WHAT IS REQUIRED: Below are records that should be duplicated exactly, with no image retained.

Stored items:
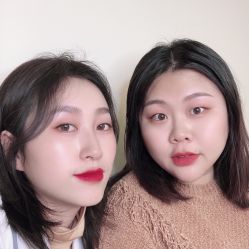 -久匠·纹眉纹绣半永久
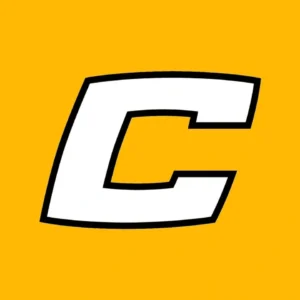 canes c logo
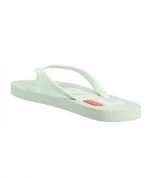 Σαγιονάρες FILA Troy Slipper FFK0023.60043-Lime Cream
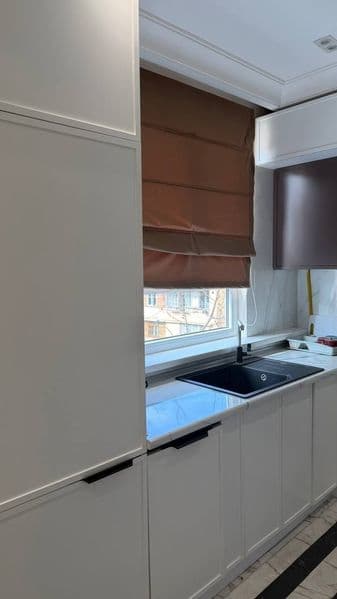 Сергили Спутник 3/4/9<br />
Орентр 17- роддом <br />
Оилага  — фото 5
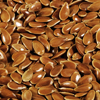 Linseed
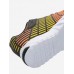 Кроссовки для мальчиков Skechers Flex-Glow Elite Кроссовки для мальчиков Skechers Flex-Glow Elite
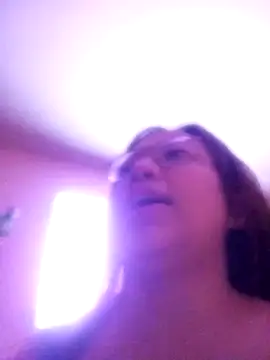 criscrispdv online show from 20, 3, 2026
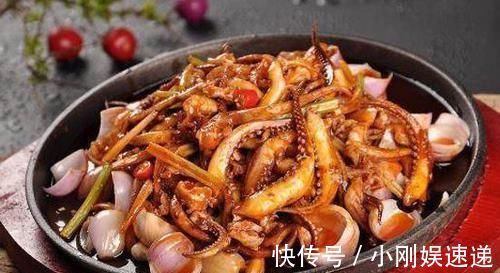 纯麦片|生活中有5种食物被称为“隐形脂肪”,想减肥的人,不妨多了解下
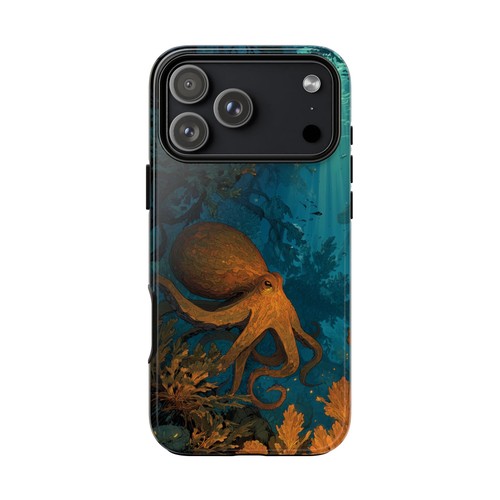 Per iphone galaxy pixel - per, iphone,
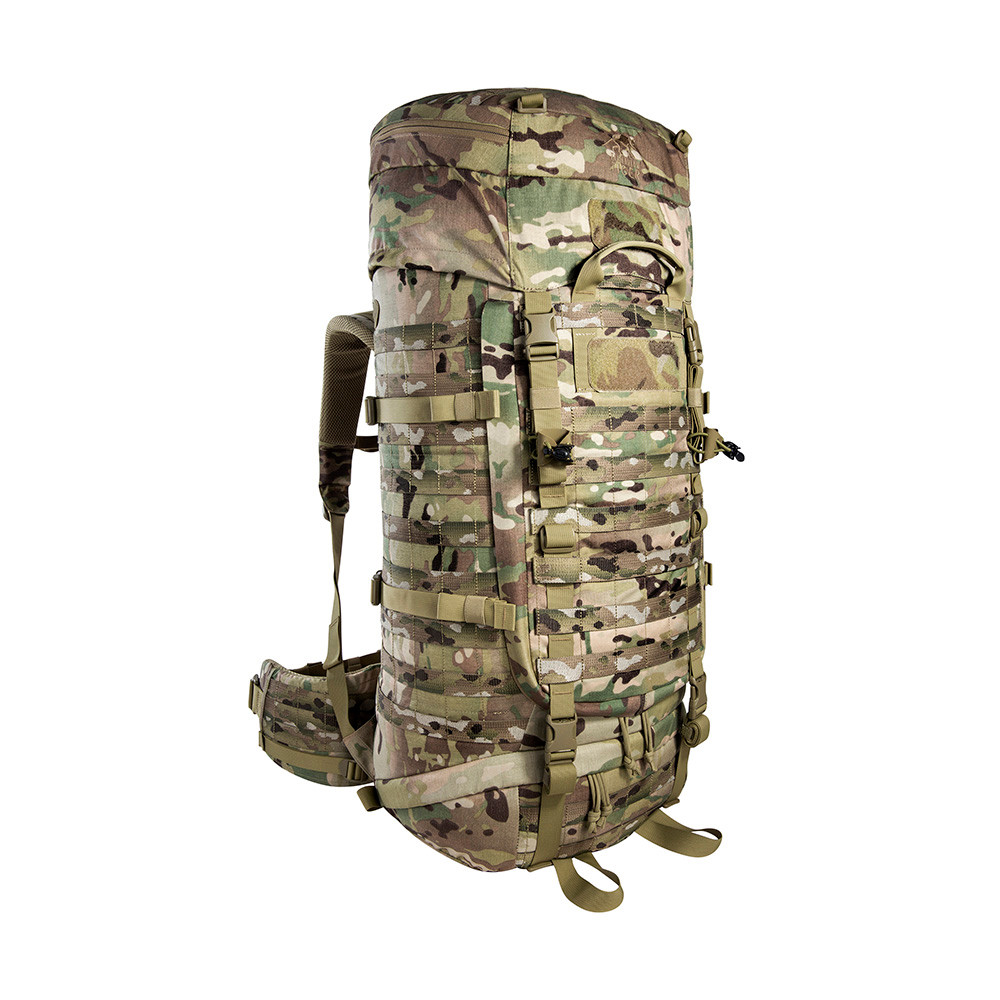 Tasmanian Tiger Base Pack 60 FO (Front Opening)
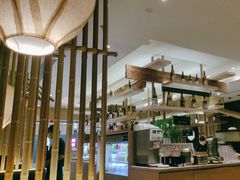 -温野菜涮涮锅(大悦城店)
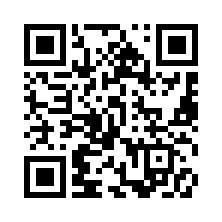 QR Code for 1FqfbVTdJDxgCGRPpFujpGBvsX4oN8P4va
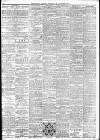 Birmingham Daily Gazette Saturday 28 November 1925 Page 2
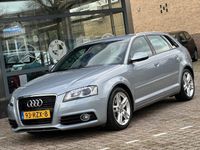 tweedehands Audi A3 1.2 TFSI Ambition Pro Line 2x S-Line Xenon Bose Cl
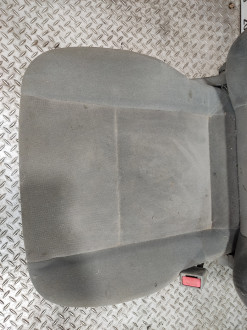 Сиденье переднее правое Chevrolet Lacetti  2003-2013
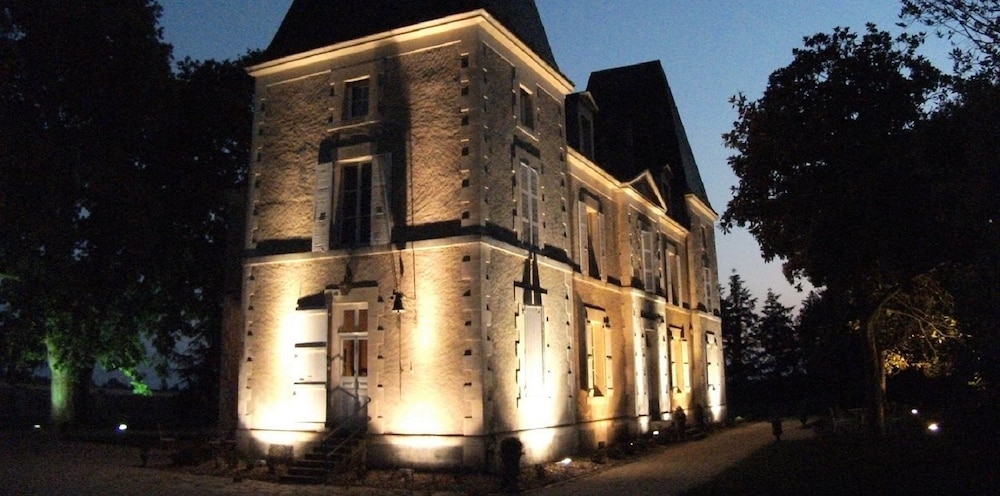 Photo 43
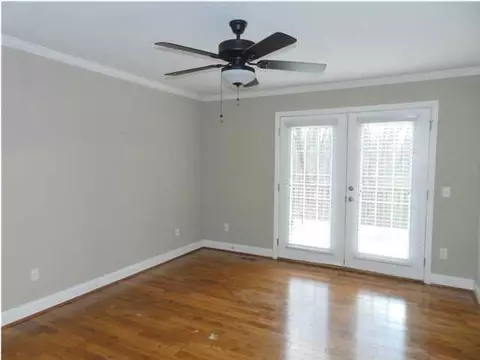 6760 Standifer Gap Rd, Chattanooga, TN 37421 photo 12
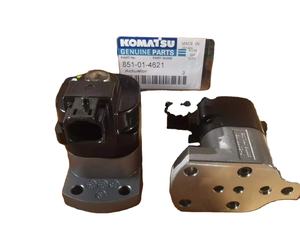 Kits d'actionneurs de pompe à carburant 4088780 et 4089982 pour moteurs diesel ISX X15, ISX15 et QSX15 - Product Image 1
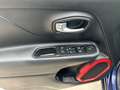 Jeep Renegade 2.0 Mjt 170CV 4WD Drive Low Trailhawk Bleu - thumbnail 13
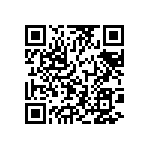 TVP00RW-25-29SD-LC QRCode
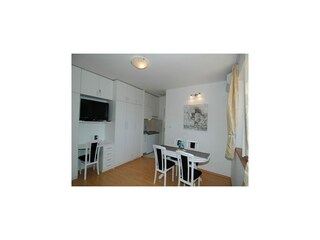 Apartment Dubrovnik Ausstattung 8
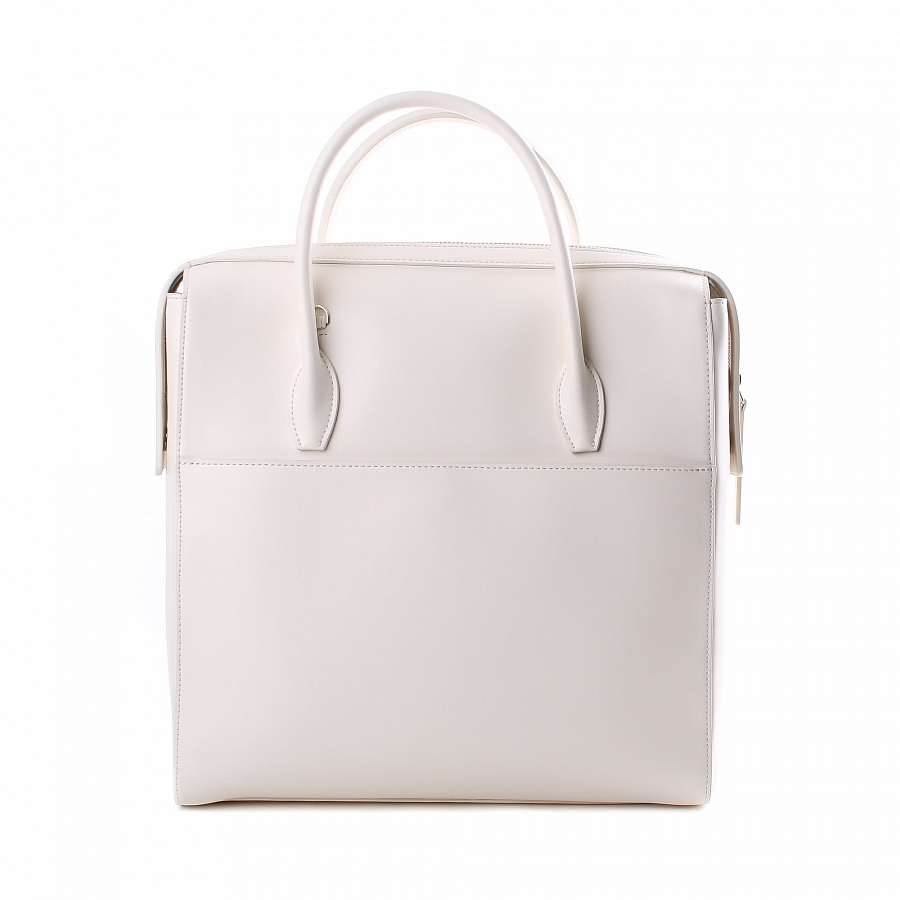 Сумка Cavalli Class S1506 Cavalli Class купить по оптовым и розничным ценам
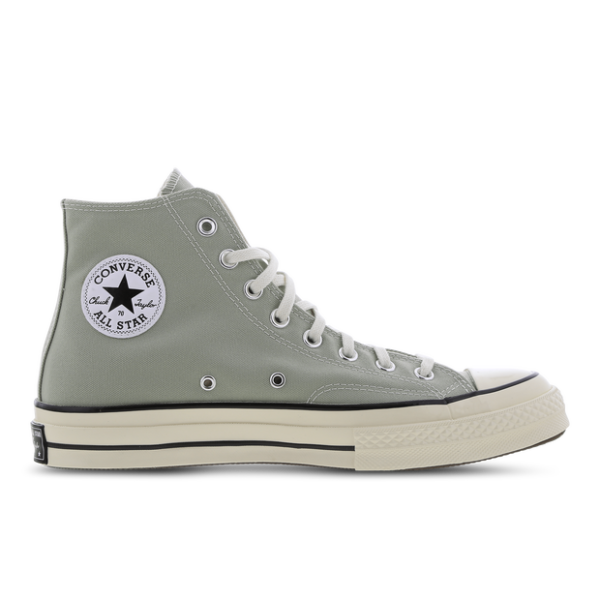 Converse Chuck 70 - Heren Schoenen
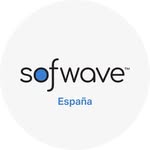 sofwave_spain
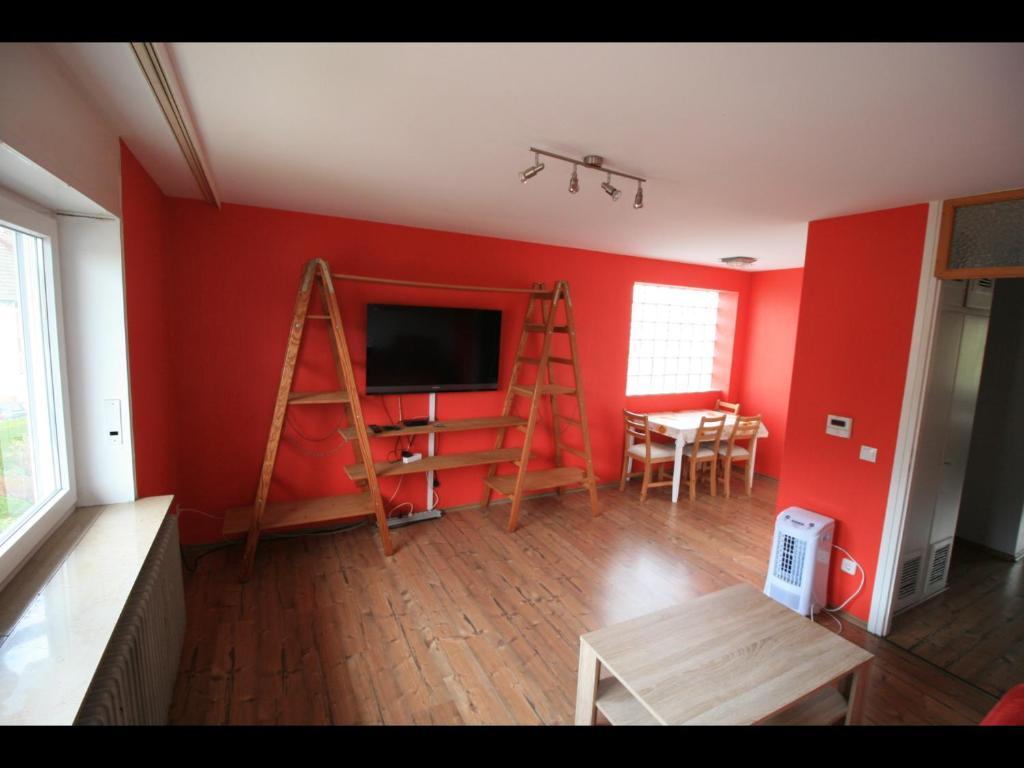 NEU! Ferienwohnung im Herzen der Pfalz photo 1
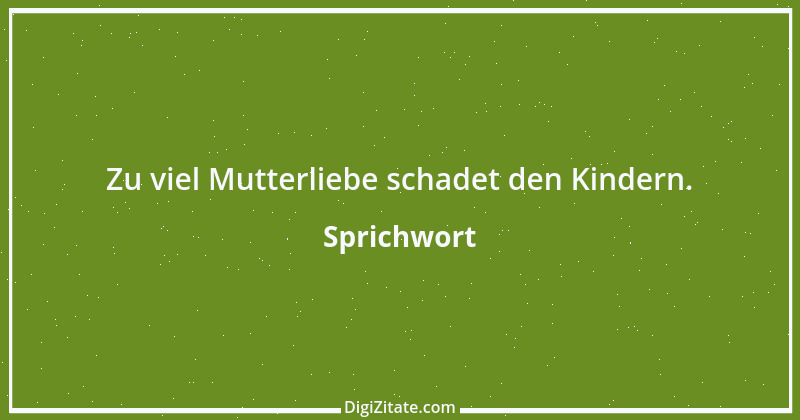 Zitat von Sprichwort 4194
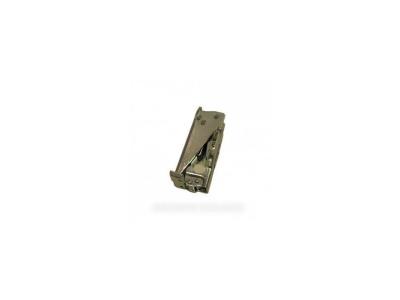 Charniere sup-droite/inf. Gauche pour r&eacute;frig&eacute;rateur ariston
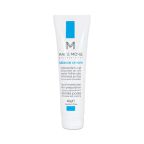 Hidratante Facial Make More Balance Cream 60g – miniatura 2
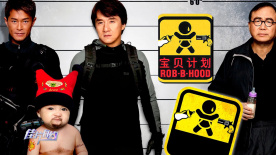 大伊香蕉精品视频在线天堂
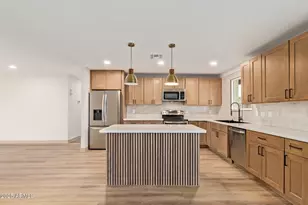 2910 W Anderson Dr, Phoenix, AZ 85053 - Photo 37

RESULT BELOW:
 -久匠·纹眉纹绣半永久
 canes c logo
 Σαγιονάρες FILA Troy Slipper FFK0023.60043-Lime Cream
 Сергили Спутник 3/4/9<br />
Орентр 17- роддом <br />
Оилага  — фото 5
 Linseed
 Кроссовки для мальчиков Skechers Flex-Glow Elite Кроссовки для мальчиков Skechers Flex-Glow Elite
 criscrispdv online show from 20, 3, 2026
 纯麦片|生活中有5种食物被称为“隐形脂肪”,想减肥的人,不妨多了解下
 Per iphone galaxy pixel - per, iphone,
 Tasmanian Tiger Base Pack 60 FO (Front Opening)
 -温野菜涮涮锅(大悦城店)
 QR Code for 1FqfbVTdJDxgCGRPpFujpGBvsX4oN8P4va
 Birmingham Daily Gazette Saturday 28 November 1925 Page 2
 tweedehands Audi A3 1.2 TFSI Ambition Pro Line 2x S-Line Xenon Bose Cl
 Сиденье переднее правое Chevrolet Lacetti  2003-2013
 Photo 43
 6760 Standifer Gap Rd, Chattanooga, TN 37421 photo 12
 Kits d'actionneurs de pompe à carburant 4088780 et 4089982 pour moteurs diesel ISX X15, ISX15 et QSX15 - Product Image 1
 Jeep Renegade 2.0 Mjt 170CV 4WD Drive Low Trailhawk Bleu - thumbnail 13
 TVP00RW-25-29SD-LC QRCode
 Apartment Dubrovnik Ausstattung 8
 Сумка Cavalli Class S1506 Cavalli Class купить по оптовым и розничным ценам
 Converse Chuck 70 - Heren Schoenen
 sofwave_spain
 NEU! Ferienwohnung im Herzen der Pfalz photo 1
 Zitat von Sprichwort 4194
 Charniere sup-droite/inf. Gauche pour r&eacute;frig&eacute;rateur ariston
 Hidratante Facial Make More Balance Cream 60g – miniatura 2
 大伊香蕉精品视频在线天堂
 2910 W Anderson Dr, Phoenix, AZ 85053 - Photo 37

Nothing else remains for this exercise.